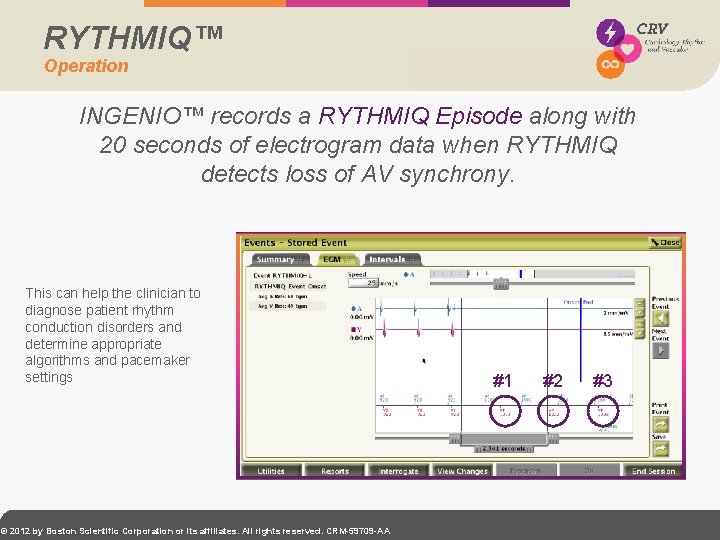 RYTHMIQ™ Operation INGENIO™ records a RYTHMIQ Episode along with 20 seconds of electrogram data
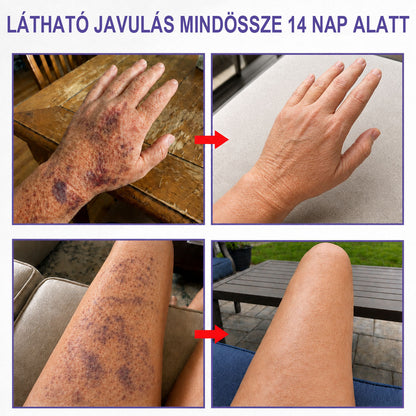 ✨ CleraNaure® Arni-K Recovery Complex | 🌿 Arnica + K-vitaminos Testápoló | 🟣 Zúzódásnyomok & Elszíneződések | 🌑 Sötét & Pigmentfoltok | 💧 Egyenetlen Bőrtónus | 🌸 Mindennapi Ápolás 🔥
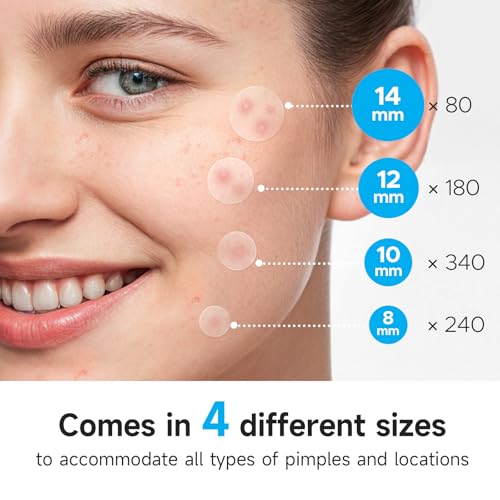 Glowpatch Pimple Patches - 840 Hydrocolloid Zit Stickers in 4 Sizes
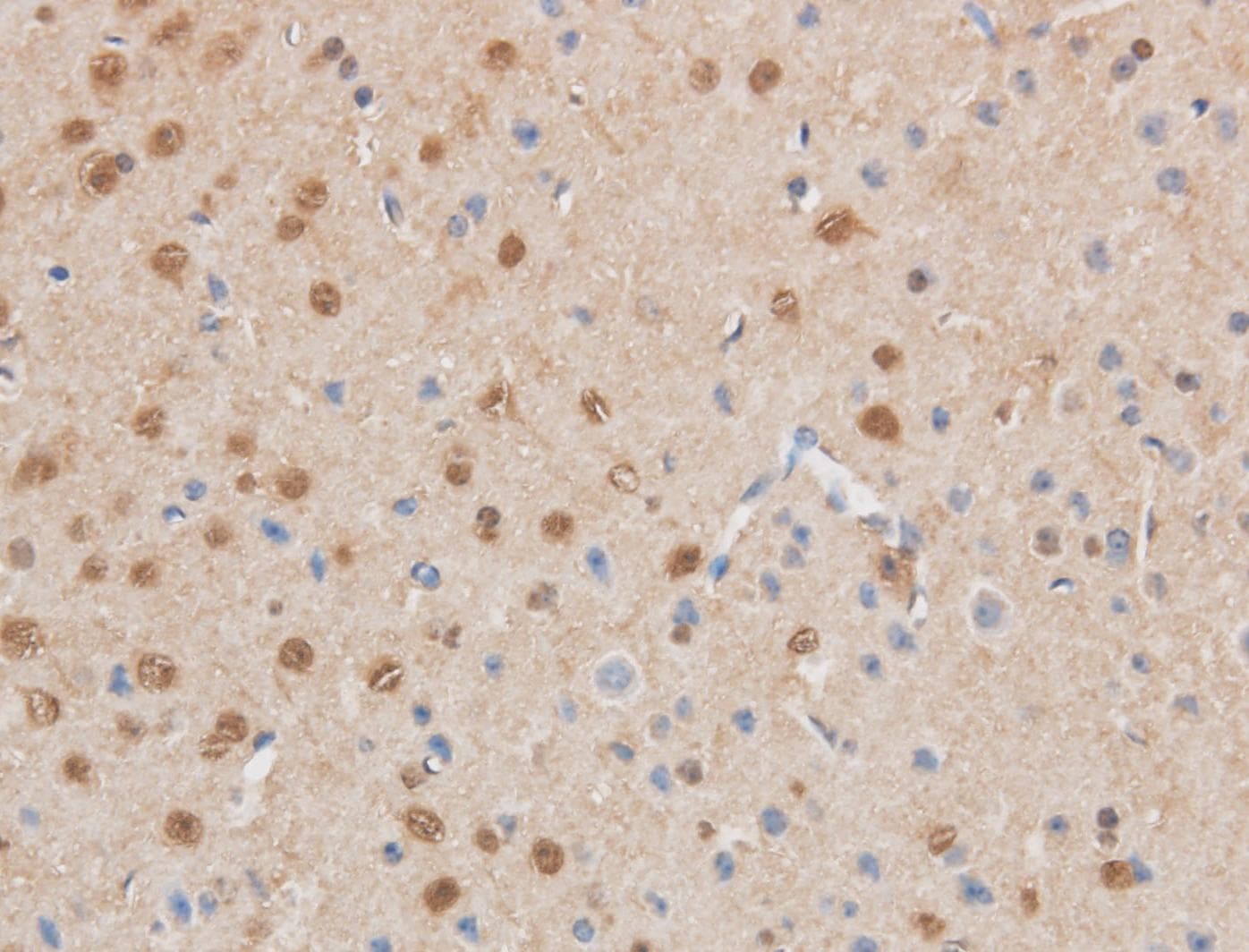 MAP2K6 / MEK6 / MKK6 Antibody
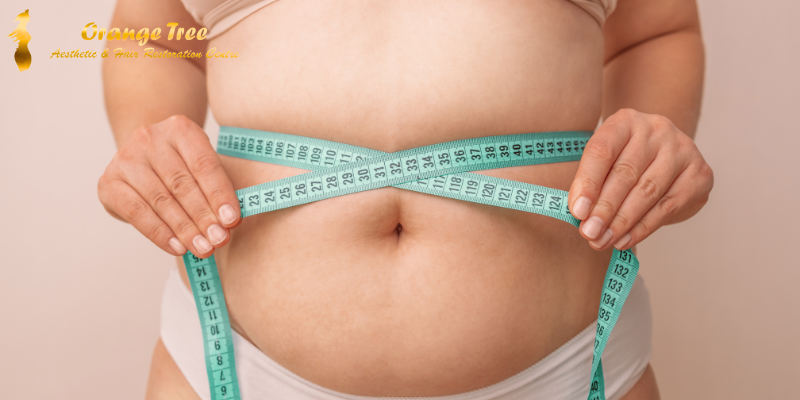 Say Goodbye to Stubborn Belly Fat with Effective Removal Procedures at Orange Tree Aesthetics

* * *

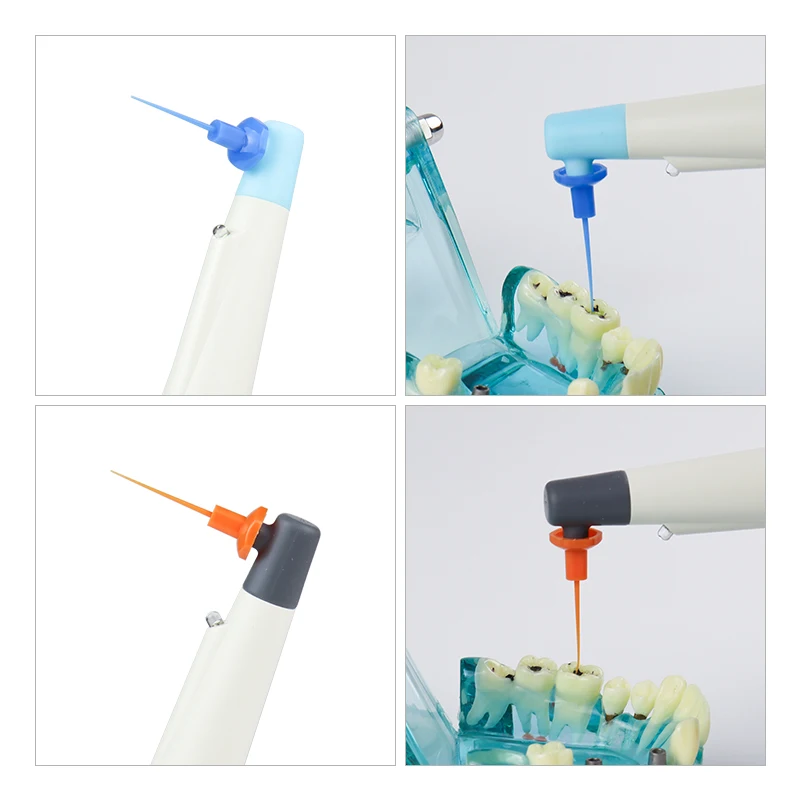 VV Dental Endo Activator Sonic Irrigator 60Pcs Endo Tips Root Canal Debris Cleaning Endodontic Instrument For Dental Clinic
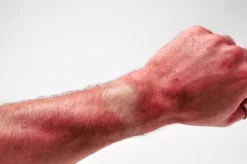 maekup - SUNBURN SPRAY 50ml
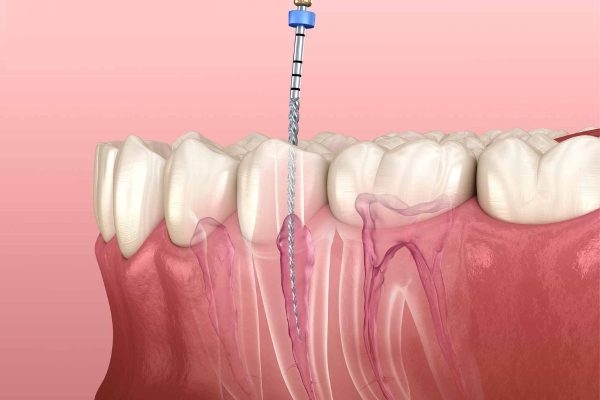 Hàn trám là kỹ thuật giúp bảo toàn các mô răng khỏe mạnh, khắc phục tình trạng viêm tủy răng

_The problem:_ Pictures excluded, reproduce only the part above that opens with the line holding "Mindennapi Ápolás 🔥" and closes with the line holding "Say Goodbye to", exactly as written.

_Your response:_
 ✨ CleraNaure® Arni-K Recovery Complex | 🌿 Arnica + K-vitaminos Testápoló | 🟣 Zúzódásnyomok & Elszíneződések | 🌑 Sötét & Pigmentfoltok | 💧 Egyenetlen Bőrtónus | 🌸 Mindennapi Ápolás 🔥
 Glowpatch Pimple Patches - 840 Hydrocolloid Zit Stickers in 4 Sizes
 MAP2K6 / MEK6 / MKK6 Antibody
 Say Goodbye to Stubborn Belly Fat with Effective Removal Procedures at Orange Tree Aesthetics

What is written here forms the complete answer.